Write out again, please, the records below from the first line to the line holding "Radisson Blu Hotel, Jeddah Al Salam", inclusive, and nothing else.

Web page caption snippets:
----
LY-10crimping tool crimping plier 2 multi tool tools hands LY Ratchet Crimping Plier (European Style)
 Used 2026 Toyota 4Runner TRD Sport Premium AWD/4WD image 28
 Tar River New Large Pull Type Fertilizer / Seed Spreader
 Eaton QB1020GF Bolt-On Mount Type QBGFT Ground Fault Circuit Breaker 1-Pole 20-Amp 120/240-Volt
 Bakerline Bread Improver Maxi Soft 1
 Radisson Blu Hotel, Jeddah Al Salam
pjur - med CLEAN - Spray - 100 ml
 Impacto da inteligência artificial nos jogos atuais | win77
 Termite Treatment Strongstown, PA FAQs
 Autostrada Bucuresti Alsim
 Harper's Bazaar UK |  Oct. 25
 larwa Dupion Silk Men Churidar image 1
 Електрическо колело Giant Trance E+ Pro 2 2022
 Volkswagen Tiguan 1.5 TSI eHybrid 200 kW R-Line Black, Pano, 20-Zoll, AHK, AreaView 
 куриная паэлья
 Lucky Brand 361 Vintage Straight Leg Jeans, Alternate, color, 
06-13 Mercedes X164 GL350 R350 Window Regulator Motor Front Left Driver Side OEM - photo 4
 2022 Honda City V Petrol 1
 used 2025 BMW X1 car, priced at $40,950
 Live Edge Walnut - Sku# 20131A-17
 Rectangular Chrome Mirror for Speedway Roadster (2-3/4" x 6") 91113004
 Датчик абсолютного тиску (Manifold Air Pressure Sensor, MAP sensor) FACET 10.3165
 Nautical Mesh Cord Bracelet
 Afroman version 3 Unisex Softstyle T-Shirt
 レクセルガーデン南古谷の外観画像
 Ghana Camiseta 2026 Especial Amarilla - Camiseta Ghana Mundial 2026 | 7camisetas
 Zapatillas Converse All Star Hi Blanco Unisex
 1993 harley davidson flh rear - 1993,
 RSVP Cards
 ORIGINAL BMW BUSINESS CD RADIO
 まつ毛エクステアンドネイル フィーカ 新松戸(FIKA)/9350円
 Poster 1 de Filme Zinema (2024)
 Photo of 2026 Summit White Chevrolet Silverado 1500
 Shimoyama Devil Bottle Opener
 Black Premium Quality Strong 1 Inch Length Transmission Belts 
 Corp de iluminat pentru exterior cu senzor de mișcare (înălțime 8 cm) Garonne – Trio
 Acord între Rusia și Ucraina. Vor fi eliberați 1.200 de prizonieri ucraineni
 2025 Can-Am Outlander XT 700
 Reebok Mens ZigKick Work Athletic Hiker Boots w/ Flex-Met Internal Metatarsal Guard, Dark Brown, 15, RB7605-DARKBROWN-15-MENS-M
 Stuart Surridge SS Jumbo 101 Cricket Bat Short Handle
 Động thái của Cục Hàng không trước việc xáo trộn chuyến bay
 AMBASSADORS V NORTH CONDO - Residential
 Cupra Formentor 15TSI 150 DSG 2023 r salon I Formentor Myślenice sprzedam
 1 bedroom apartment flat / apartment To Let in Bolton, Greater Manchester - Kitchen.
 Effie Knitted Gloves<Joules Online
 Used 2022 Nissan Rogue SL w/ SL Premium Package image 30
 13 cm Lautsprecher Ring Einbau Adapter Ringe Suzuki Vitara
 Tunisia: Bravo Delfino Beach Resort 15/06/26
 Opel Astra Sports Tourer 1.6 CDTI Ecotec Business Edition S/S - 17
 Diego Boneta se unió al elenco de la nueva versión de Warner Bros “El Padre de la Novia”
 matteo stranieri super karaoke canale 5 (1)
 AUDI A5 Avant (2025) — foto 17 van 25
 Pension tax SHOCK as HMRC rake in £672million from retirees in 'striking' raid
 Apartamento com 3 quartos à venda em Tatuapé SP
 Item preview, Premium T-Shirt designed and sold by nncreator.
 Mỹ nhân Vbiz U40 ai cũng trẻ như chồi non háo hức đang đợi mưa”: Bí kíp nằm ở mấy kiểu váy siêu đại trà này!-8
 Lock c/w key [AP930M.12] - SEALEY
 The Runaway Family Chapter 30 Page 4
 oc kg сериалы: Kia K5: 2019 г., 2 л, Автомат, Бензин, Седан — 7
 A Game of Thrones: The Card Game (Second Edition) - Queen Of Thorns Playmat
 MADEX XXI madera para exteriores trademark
----
* [Task result]:
LY-10crimping tool crimping plier 2 multi tool tools hands LY Ratchet Crimping Plier (European Style)
 Used 2026 Toyota 4Runner TRD Sport Premium AWD/4WD image 28
 Tar River New Large Pull Type Fertilizer / Seed Spreader
 Eaton QB1020GF Bolt-On Mount Type QBGFT Ground Fault Circuit Breaker 1-Pole 20-Amp 120/240-Volt
 Bakerline Bread Improver Maxi Soft 1
 Radisson Blu Hotel, Jeddah Al Salam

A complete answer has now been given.